#### What to produce
The reply should repeat all of the data word for word, with no pictures.
'''
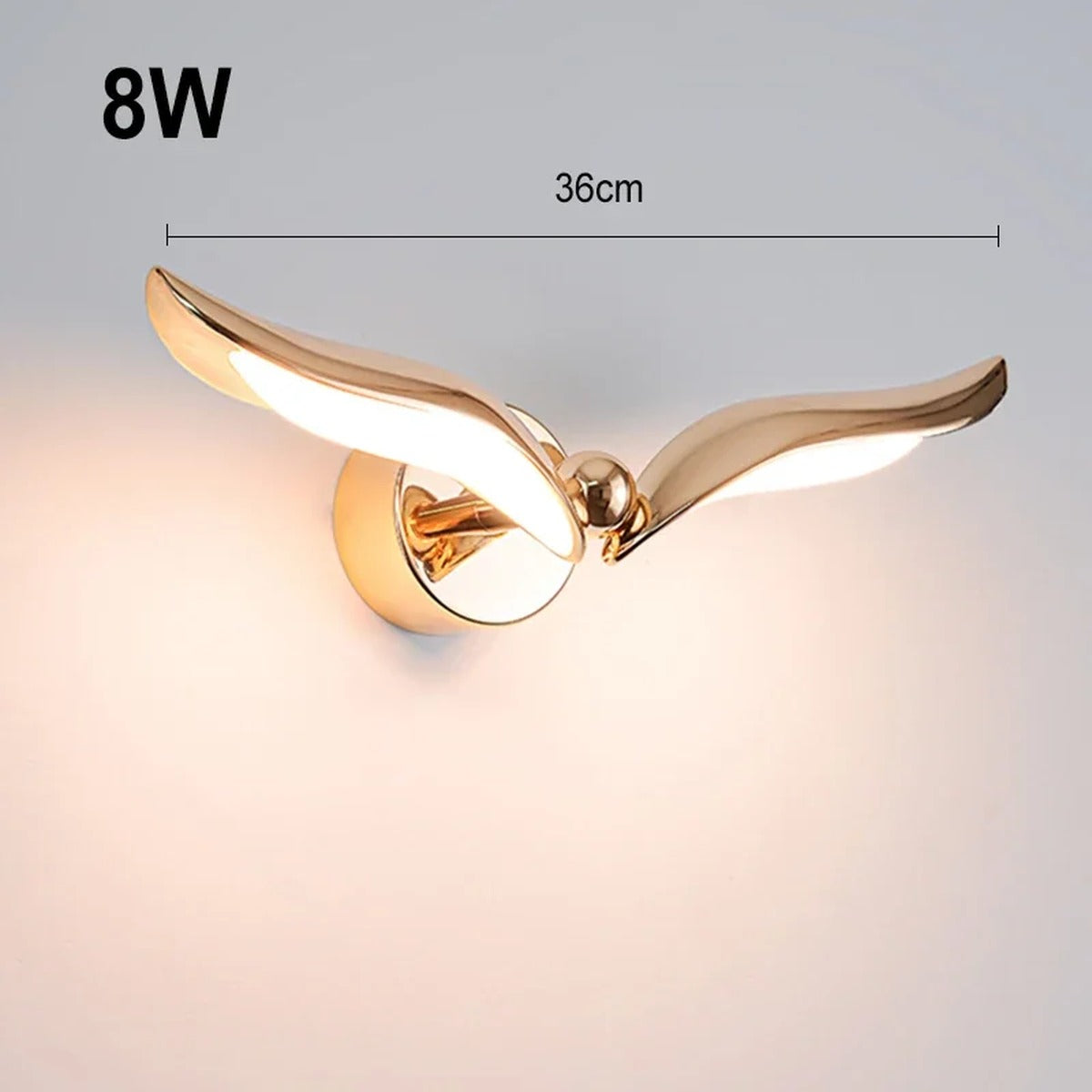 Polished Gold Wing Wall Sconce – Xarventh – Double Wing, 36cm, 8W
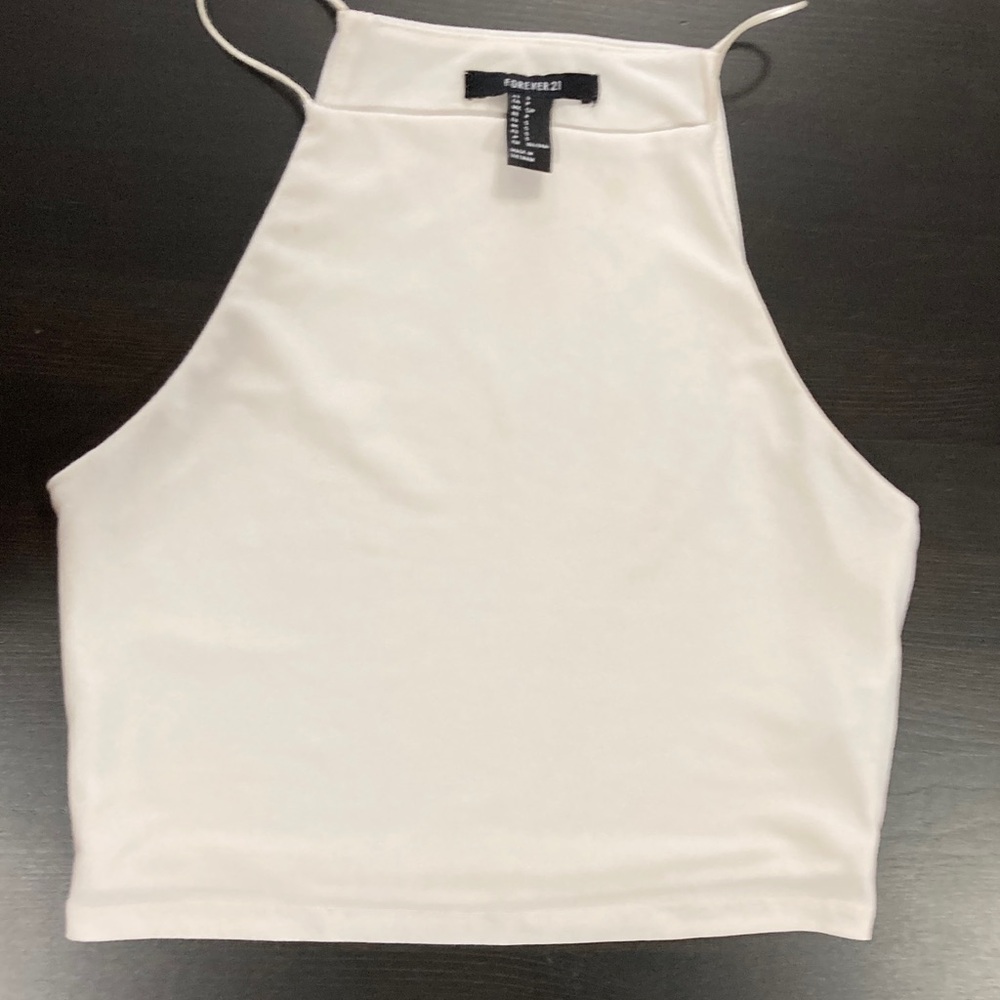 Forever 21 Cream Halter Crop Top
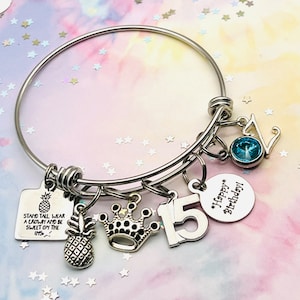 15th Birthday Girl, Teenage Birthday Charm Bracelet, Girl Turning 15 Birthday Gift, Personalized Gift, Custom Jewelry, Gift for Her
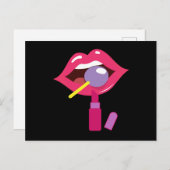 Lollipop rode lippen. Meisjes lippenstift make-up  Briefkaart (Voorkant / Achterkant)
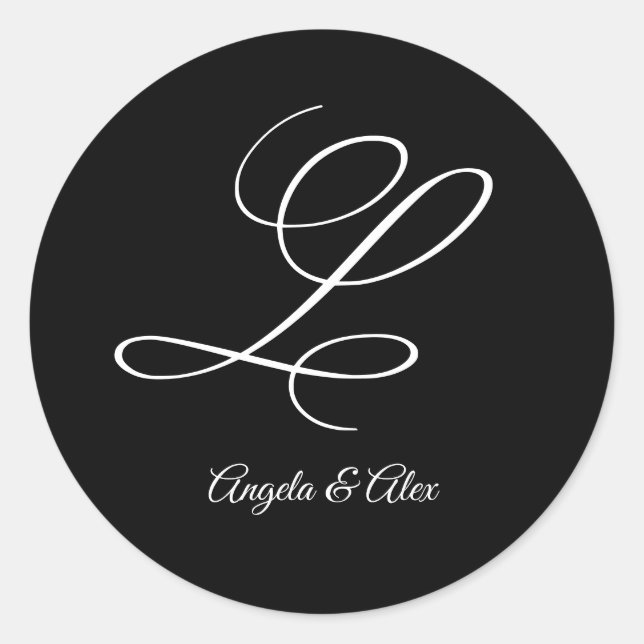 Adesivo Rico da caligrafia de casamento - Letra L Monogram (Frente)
'''
#### Result for this exercise
 Polished Gold Wing Wall Sconce – Xarventh – Double Wing, 36cm, 8W
 Forever 21 Cream Halter Crop Top
 15th Birthday Girl, Teenage Birthday Charm Bracelet, Girl Turning 15 Birthday Gift, Personalized Gift, Custom Jewelry, Gift for Her
 Lollipop rode lippen. Meisjes lippenstift make-up  Briefkaart (Voorkant / Achterkant)
 Adesivo Rico da caligrafia de casamento - Letra L Monogram (Frente)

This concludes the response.